▸ **Required action**:
Every line below from the one containing "Searching for a" through the one containing "Hi, everyone. My" must be transcribed exactly. Omit all lines outside that stretch.

[Dataset entries]

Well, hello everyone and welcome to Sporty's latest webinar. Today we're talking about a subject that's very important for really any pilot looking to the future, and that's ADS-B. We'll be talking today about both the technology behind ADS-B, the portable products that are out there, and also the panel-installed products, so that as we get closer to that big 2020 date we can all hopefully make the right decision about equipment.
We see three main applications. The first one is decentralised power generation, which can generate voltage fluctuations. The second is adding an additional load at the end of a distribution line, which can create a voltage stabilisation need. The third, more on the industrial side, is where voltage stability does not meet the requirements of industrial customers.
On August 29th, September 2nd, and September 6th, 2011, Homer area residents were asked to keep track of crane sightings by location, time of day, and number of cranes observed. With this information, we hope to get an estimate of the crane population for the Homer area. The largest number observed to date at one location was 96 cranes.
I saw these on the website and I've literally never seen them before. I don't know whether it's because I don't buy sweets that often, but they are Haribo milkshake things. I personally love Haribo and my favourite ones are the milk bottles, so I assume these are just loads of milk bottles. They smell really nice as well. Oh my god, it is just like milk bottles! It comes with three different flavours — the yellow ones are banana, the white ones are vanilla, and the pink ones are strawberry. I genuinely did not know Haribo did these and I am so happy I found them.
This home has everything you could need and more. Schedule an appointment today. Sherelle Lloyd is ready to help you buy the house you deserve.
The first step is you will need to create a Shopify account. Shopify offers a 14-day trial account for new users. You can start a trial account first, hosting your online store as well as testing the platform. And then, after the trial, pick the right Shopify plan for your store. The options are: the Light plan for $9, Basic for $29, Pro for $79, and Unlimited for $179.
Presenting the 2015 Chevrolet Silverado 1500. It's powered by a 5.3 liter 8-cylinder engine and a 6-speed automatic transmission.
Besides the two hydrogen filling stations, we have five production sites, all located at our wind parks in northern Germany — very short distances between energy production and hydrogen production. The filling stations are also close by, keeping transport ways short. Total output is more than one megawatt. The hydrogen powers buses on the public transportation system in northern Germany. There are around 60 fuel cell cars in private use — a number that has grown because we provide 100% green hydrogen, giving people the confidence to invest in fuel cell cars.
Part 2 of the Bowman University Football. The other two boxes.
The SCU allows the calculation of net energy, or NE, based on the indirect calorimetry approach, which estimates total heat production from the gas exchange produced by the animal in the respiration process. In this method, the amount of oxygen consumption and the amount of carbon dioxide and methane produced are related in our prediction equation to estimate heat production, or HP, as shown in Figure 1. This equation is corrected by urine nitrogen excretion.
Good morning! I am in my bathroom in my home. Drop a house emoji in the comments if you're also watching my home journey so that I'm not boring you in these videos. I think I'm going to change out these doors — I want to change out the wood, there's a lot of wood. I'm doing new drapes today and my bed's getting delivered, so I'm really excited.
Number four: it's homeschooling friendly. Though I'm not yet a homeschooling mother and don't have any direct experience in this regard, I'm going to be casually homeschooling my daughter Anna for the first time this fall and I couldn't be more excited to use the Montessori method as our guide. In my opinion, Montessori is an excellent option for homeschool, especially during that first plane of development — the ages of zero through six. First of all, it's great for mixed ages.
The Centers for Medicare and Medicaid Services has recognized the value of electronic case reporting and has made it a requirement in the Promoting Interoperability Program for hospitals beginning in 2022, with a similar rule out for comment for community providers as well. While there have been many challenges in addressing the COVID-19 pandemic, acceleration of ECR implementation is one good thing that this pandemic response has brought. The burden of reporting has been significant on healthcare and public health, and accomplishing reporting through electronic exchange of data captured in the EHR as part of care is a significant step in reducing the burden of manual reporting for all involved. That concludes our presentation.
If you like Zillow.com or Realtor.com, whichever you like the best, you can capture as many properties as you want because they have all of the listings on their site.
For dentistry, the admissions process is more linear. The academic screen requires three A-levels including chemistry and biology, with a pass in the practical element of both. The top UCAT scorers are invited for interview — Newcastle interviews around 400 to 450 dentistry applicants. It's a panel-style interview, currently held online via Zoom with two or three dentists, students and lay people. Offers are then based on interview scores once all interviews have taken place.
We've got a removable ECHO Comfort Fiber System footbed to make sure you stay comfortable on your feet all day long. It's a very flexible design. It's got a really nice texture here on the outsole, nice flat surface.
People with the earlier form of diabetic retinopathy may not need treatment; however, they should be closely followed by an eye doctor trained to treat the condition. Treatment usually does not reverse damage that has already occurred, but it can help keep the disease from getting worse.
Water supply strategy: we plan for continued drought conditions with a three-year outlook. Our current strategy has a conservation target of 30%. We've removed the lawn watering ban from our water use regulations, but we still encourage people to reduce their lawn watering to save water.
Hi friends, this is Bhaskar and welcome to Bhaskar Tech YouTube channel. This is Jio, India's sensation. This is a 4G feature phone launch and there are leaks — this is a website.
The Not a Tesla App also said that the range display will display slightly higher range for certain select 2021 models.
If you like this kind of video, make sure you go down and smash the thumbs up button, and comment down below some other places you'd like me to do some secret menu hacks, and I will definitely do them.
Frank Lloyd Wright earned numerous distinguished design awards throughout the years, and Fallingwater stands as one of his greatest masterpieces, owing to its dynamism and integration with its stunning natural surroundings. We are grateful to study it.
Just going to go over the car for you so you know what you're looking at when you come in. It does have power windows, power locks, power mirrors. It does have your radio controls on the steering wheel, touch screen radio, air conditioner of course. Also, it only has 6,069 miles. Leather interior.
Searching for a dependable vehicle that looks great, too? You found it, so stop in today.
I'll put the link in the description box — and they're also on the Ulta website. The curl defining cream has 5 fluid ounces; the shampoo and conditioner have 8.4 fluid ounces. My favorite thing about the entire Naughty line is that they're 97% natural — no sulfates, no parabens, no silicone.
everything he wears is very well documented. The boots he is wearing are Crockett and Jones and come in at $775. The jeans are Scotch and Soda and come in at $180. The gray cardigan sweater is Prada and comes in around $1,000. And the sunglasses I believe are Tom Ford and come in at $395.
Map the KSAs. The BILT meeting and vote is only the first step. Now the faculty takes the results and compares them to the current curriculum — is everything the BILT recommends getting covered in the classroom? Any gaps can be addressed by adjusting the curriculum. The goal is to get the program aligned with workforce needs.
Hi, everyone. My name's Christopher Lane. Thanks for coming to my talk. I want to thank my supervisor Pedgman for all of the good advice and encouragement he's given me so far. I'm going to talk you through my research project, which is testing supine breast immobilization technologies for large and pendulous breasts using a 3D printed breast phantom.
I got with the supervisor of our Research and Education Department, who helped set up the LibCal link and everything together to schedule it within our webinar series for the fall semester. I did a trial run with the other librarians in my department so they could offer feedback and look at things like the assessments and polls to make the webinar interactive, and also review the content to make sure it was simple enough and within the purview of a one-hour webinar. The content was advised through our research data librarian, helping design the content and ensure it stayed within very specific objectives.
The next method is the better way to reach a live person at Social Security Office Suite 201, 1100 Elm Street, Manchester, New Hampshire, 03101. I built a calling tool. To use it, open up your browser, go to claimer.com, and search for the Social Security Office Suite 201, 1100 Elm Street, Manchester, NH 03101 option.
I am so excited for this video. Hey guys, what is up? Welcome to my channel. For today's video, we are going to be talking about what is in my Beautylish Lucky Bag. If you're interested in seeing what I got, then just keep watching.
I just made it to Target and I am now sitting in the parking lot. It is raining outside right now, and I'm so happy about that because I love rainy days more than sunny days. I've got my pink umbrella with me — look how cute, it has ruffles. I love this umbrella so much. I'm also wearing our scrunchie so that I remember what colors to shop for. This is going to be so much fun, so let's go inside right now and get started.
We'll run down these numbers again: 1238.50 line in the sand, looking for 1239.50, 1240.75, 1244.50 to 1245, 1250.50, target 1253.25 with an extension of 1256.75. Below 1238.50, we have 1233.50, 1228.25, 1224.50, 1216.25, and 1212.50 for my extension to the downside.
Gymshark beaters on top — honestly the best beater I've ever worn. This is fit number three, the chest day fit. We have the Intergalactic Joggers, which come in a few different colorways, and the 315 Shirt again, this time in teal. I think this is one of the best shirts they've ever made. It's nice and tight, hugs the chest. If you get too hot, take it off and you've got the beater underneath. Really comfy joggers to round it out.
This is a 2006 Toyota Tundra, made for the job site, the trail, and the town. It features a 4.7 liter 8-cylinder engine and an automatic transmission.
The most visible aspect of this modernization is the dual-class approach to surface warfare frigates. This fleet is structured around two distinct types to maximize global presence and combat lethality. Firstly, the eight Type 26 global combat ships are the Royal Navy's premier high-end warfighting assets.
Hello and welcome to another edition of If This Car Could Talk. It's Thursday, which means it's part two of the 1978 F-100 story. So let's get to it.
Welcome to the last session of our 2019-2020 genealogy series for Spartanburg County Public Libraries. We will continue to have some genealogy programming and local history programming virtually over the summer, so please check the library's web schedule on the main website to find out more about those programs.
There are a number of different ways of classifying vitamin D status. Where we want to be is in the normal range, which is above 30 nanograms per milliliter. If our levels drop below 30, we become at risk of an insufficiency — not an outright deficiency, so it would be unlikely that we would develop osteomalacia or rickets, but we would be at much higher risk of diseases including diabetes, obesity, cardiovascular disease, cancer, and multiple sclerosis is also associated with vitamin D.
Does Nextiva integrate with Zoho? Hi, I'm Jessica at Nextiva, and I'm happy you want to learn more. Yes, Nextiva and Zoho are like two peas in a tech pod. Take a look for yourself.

▸ **Task answer**:
Searching for a dependable vehicle that looks great, too? You found it, so stop in today.
I'll put the link in the description box — and they're also on the Ulta website. The curl defining cream has 5 fluid ounces; the shampoo and conditioner have 8.4 fluid ounces. My favorite thing about the entire Naughty line is that they're 97% natural — no sulfates, no parabens, no silicone.
everything he wears is very well documented. The boots he is wearing are Crockett and Jones and come in at $775. The jeans are Scotch and Soda and come in at $180. The gray cardigan sweater is Prada and comes in around $1,000. And the sunglasses I believe are Tom Ford and come in at $395.
Map the KSAs. The BILT meeting and vote is only the first step. Now the faculty takes the results and compares them to the current curriculum — is everything the BILT recommends getting covered in the classroom? Any gaps can be addressed by adjusting the curriculum. The goal is to get the program aligned with workforce needs.
Hi, everyone. My name's Christopher Lane. Thanks for coming to my talk. I want to thank my supervisor Pedgman for all of the good advice and encouragement he's given me so far. I'm going to talk you through my research project, which is testing supine breast immobilization technologies for large and pendulous breasts using a 3D printed breast phantom.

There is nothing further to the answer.